[8-K] CROWN HOLDINGS, INC. Reports Material Event
Rhea-AI Filing Summary
Crown Holdings, Inc. entered into a Second Amended and Restated Credit Agreement providing a $800 million Dollar Revolving Facility, a $800 million Multicurrency Revolving Facility, a $50 million Canadian Revolving Facility, a $1,175 million Term Loan A Facility and a €499.5 million Term Euro Facility.
The facilities mature on March 17, 2031 and initially bear interest at SOFR plus 1.25%, with rate adjustments tied to the company’s Total Leverage Ratio. Borrowings are secured and guaranteed by various group entities and are subject to a maximum leverage covenant and other customary terms. Proceeds were used to refinance the prior credit agreement, pay transaction costs and for general corporate purposes.
Positive
- None.
Negative
- None.
Insights
Crown refinances and extends sizeable secured, covenant-based credit facilities.

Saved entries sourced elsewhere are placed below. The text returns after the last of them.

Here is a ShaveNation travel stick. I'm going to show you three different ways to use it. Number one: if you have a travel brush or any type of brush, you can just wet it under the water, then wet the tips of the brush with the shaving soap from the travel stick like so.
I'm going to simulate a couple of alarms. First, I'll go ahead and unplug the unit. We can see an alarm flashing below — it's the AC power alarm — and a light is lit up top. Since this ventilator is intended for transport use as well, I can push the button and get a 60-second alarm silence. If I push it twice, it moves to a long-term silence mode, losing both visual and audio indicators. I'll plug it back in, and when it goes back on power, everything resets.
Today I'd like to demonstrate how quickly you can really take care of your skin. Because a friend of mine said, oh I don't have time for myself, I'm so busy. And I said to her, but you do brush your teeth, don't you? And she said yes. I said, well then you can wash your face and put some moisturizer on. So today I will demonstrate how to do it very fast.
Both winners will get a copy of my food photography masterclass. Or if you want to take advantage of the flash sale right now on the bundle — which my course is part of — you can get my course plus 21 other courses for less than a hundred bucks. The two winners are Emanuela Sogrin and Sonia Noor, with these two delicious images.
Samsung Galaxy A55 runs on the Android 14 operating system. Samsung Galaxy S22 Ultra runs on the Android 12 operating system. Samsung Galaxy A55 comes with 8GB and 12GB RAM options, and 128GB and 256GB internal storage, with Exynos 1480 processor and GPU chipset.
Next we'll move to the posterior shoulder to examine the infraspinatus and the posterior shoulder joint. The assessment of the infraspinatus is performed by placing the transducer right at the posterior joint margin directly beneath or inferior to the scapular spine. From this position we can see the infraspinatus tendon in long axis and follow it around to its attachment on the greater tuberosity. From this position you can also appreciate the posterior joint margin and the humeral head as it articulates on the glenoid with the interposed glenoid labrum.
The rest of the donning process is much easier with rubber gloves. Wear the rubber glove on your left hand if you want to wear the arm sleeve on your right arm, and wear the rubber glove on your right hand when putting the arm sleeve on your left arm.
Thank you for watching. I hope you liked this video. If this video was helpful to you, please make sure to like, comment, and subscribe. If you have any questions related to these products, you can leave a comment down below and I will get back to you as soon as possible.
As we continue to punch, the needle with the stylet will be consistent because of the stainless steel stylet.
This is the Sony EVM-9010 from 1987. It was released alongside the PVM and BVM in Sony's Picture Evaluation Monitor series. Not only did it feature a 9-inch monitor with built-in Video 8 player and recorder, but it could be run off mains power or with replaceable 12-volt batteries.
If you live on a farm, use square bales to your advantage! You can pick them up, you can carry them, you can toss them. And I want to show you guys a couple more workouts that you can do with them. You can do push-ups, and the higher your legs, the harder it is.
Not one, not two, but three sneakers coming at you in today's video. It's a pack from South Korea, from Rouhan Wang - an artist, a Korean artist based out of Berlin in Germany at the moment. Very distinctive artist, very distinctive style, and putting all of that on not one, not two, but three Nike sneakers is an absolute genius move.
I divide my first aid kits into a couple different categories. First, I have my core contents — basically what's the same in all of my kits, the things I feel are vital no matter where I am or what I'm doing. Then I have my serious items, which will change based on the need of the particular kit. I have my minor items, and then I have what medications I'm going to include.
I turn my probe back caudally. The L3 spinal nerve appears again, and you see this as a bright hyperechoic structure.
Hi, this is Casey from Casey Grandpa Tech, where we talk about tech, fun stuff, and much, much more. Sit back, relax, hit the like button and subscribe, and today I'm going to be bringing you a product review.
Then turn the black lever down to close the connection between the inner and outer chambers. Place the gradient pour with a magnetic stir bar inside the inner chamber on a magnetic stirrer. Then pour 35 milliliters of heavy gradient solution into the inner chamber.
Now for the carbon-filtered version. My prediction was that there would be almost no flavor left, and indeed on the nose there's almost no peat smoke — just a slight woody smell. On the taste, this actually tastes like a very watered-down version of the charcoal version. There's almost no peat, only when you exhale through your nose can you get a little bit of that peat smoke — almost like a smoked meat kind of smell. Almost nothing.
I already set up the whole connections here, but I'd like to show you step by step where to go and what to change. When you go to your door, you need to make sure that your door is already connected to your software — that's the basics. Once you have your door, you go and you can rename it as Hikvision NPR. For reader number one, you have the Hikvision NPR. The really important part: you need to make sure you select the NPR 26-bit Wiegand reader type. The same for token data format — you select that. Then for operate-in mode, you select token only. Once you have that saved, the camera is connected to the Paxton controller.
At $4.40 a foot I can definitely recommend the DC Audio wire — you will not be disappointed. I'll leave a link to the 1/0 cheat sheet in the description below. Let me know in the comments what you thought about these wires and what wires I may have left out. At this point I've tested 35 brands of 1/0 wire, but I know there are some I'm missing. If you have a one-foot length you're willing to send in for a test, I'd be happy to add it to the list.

Crown Holdings put in place multiple revolving and term loan facilities, including $800 million dollar and $800 million multicurrency revolvers, a $50 million Canadian revolver, a $1,175 million Term Loan A, and a €499.5 million euro term loan, all maturing on March 17, 2031.
Interest starts at SOFR plus 1.25%, with potential 0.25% step-downs or step-ups based on the Total Leverage Ratio. This creates a direct link between pricing and leverage, rewarding balance sheet strengthening and penalizing higher leverage within predefined bands.
The facilities are secured by equity interests in many U.S. and certain non-U.S. subsidiaries and guaranteed by parent entities, with covenants including a maximum leverage ratio and mandatory prepayment triggers. Proceeds refinance the prior agreement and support general corporate purposes, so ongoing impact will depend on how much of the committed capacity is drawn over time.